According to court records, Holmes had been seeing a psychiatrist at the University of Colorado Anschutz Medical Campus, where he was a student, and mailed her a package prior to the shootings.
Psychiatrist Richard Martinez, an adjunct professor at Sturm who teaches psychiatry and law, said such records would be reviewed by the experts, as they are "vital" to evaluating a defendant's mental state at the time of the crime.
If mental health issues are not raised as a defense, claims that interactions between the accused and the person's psychiatrist are privileged "might be legitimate," Martinez said. But such confidentiality goes out the window once a formal plea of "not guilty by reason of insanity" is entered, he said.
The detailed planning that appears to have preceded the attack led Aurora Police Chief Daniel Oates to suggest that the gunman knew exactly what he was doing.
But the capacity for planning and deliberation are not inconsistent with severe mental illness or an insanity defense.
"Delusions are by definition fixed false beliefs," said psychologist Xavier Amador, who has worked with about 50 death penalty clients suffering from schizophrenia and related psychotic disorders. "Frequently, because you're delusional, you're exceptionally good at planning."
For example, he noted, Russell Weston Jr., who traveled from Ohio to storm the U.S. Capitol in 1998, suffered from paranoid schizophrenia.
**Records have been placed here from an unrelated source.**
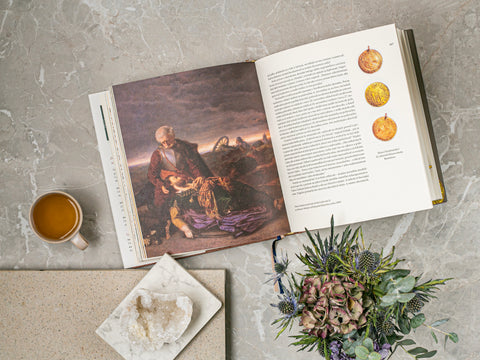 Päť kníh o Bratislave; Tretia kniha o Bratislave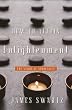 How to Attain Enlightenment: The Vision of Non-Duality (Spirituality Religious Experie)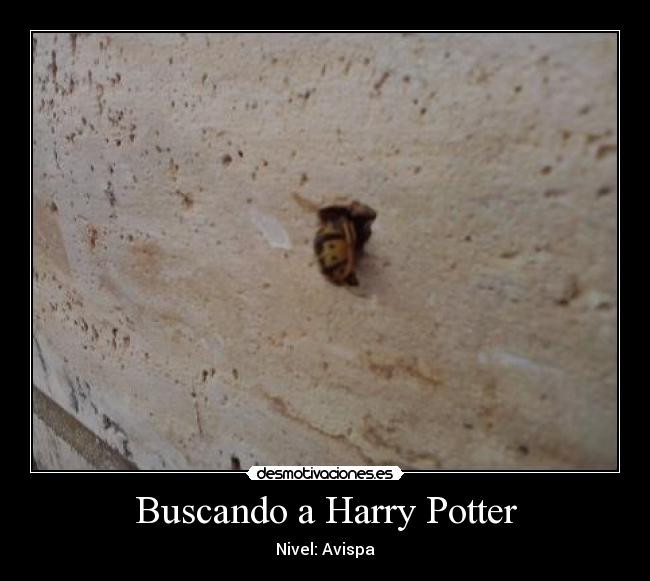 Buscando a Harry Potter - Nivel: Avispa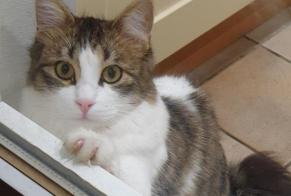 Alerta desaparecimento Gato Macho , 1 anos Nancy France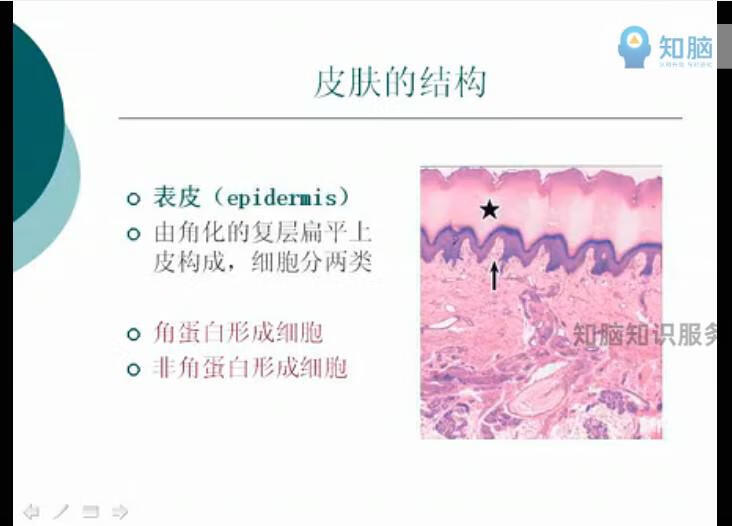 15，韓國皮膚琯理眡頻教程 皮膚生理學知識臉部麪部美白肌膚護理手法技術培訓PPT課件資料 皮膚琯理眡頻教程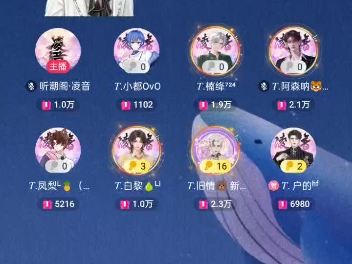 白黎排档《这一生关于你的风景》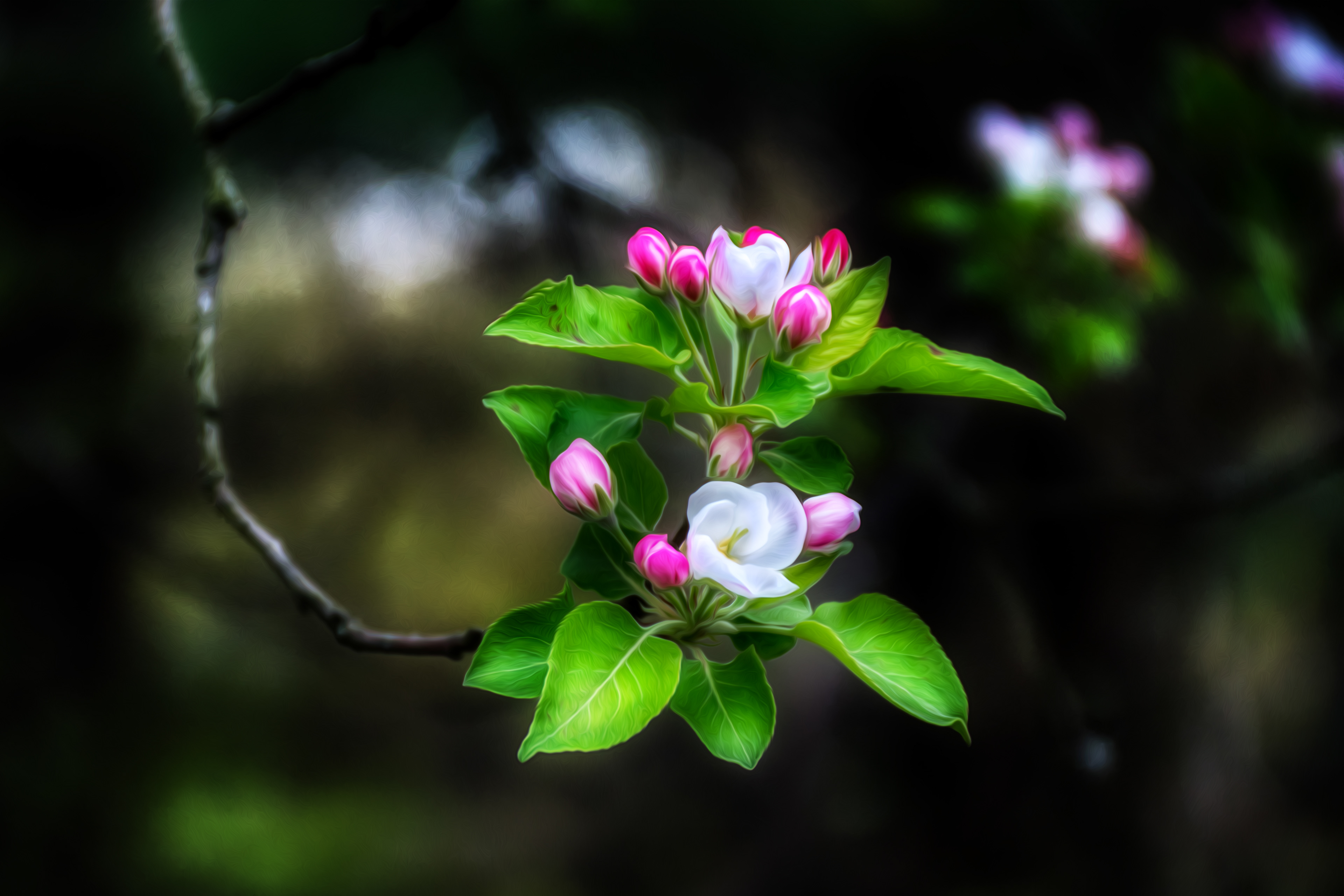 2 Apple Blossoms
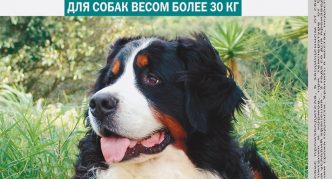 טיפות חטיפים לכלבים במשקל מעל 30 ק"ג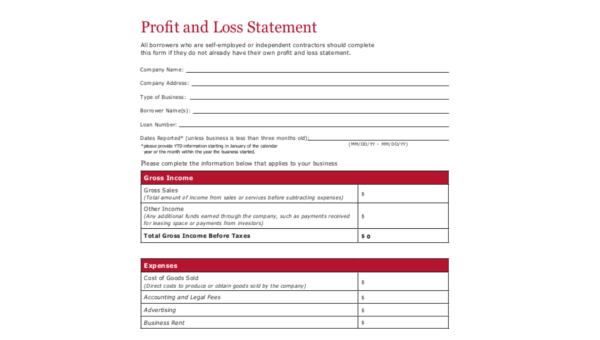 profit and loss statement sample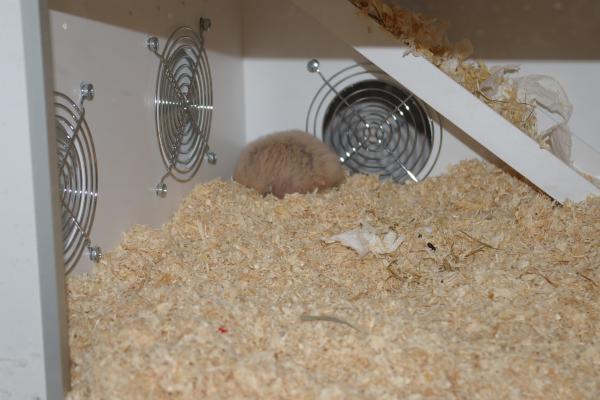 sonstiges hamster5 img0251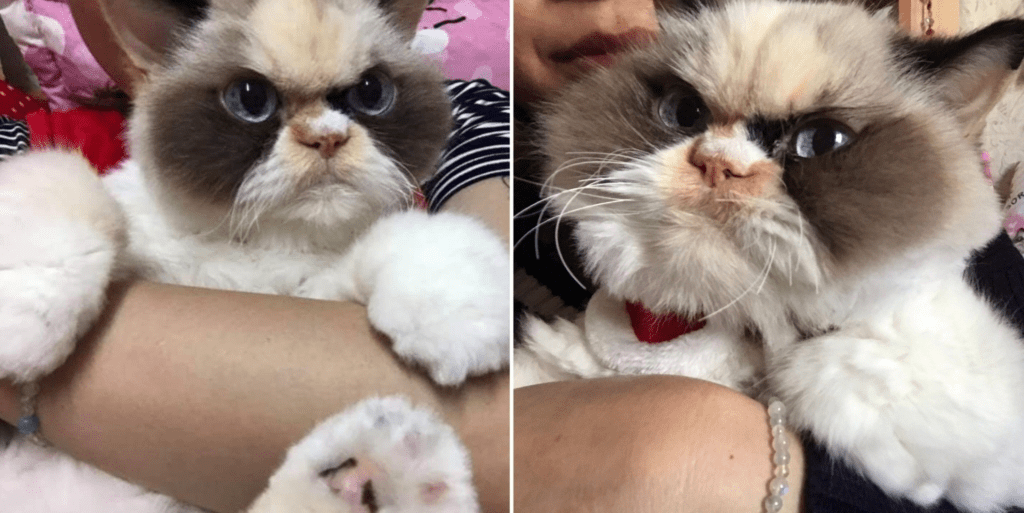 Восходящая звезда интернета: новая сердитая кошка, покоряющая сердца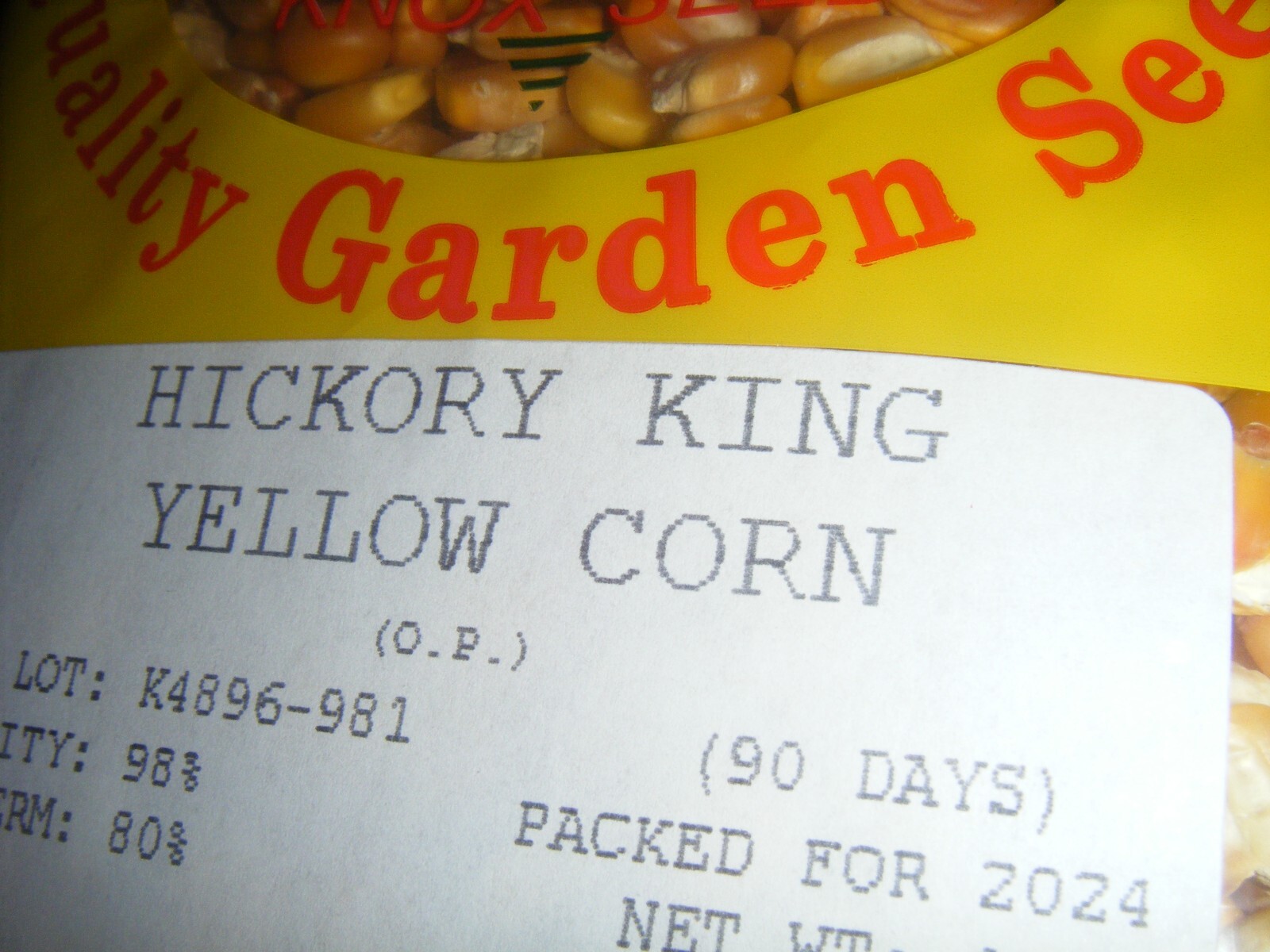 200 Hickory King Yellow Heirloom Corn Seeds Roasting Ears Grow in Yard or Garden
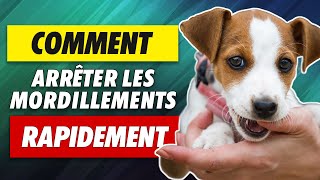 3 conseils pour apprendre à votre chiot à ne plus mordiller !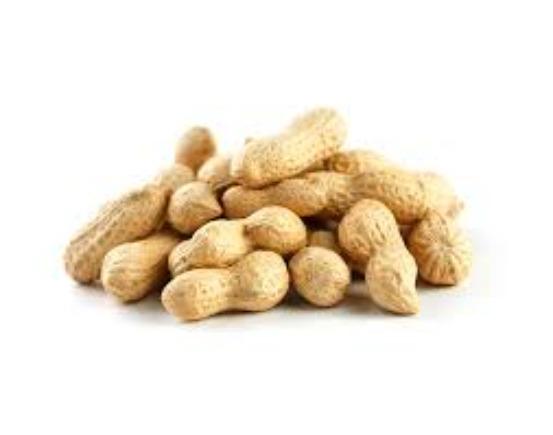 Jumbo Peanuts in Shell in Bulk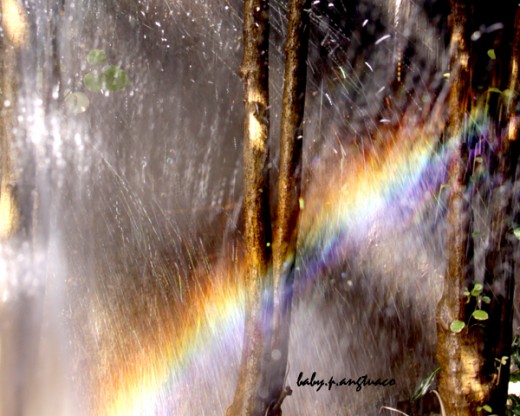 Rainbow from mist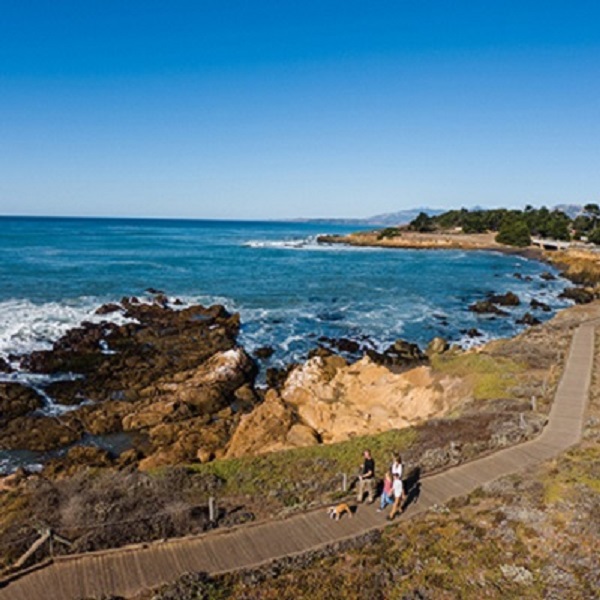 Cambria Chamber of Commerce  - Webpage Image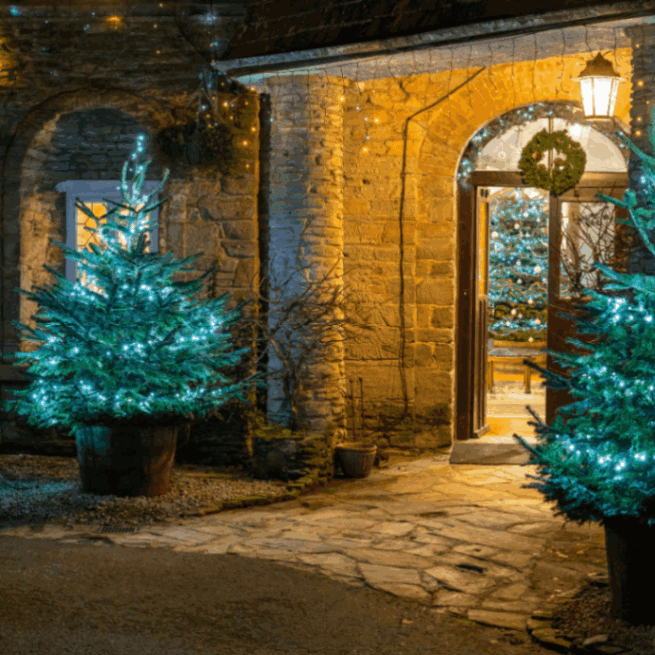 Christmas Trees | Budock Vean Hotel | Cornwall | UK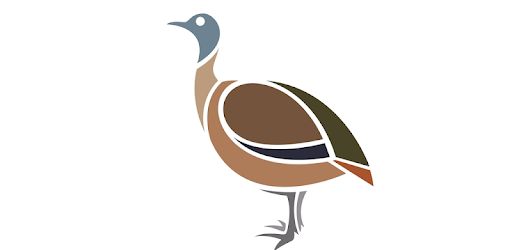 Canto De Lambu Pe Roxo Para Baixar Baixar O Canto Da Lambu Apk Para Android Ultima Versao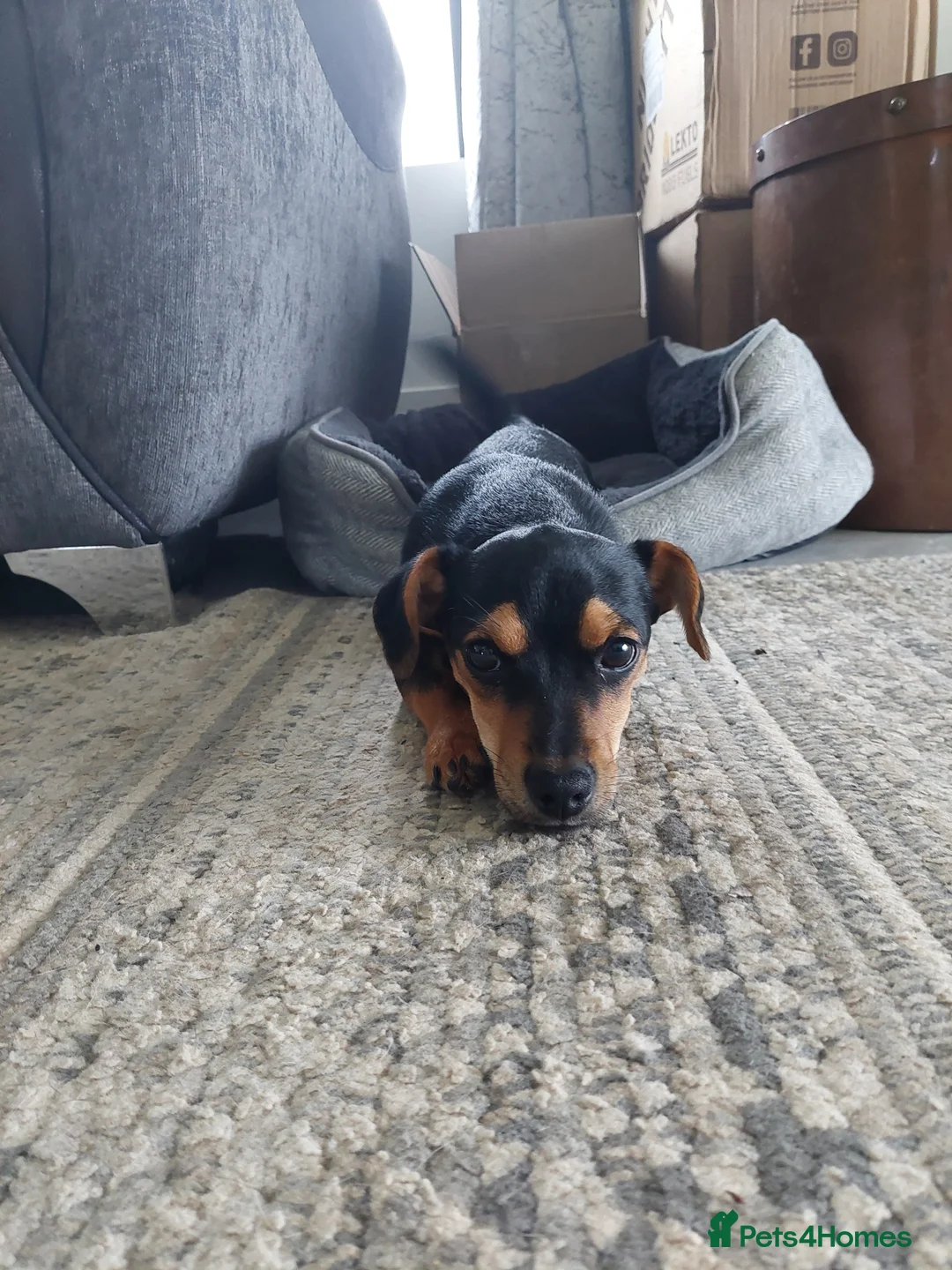 Jack Russell dogs for sale: Female Jack Russell For Sale - Advert 3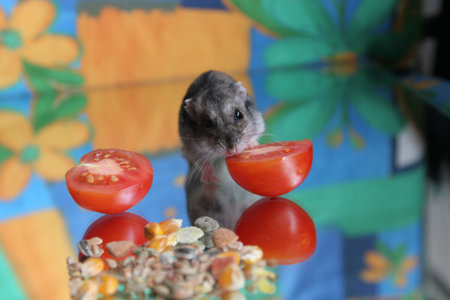 Hamster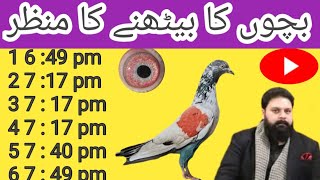 Ustad Numan Butt Of Gujranwala Ki Chat Se Pigeons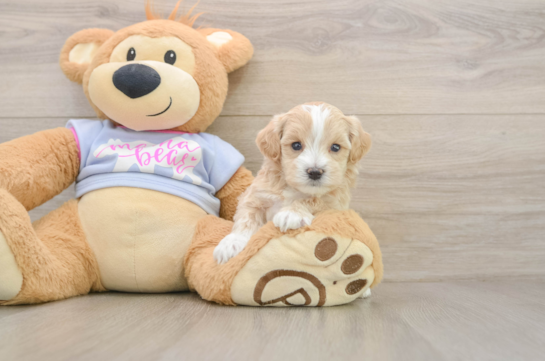 Maltipoo Pup Being Cute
Two officers were killed. Weston remains in a mental institution. "The idea that if you plan you're not mentally ill is a red herring," Amador said.
Even with ample evidence, however, "a jury might be hesitant to find Holmes insane because of the horrific nature of the multiple murders," defense attorney Recht said. "There's a ton of political pressure [on prosecutors] and I think there would be a ton of pressure felt by any juror."
If Holmes is found guilty, his mental status would probably be raised yet again by his defense during the penalty phase of the trial, Recht said. Prosecutors have not yet said whether they will seek the death penalty. But prosecutors historically have had "a very difficult time" securing such verdicts from juries in Colorado, which has executed just one prisoner since 1977, he said.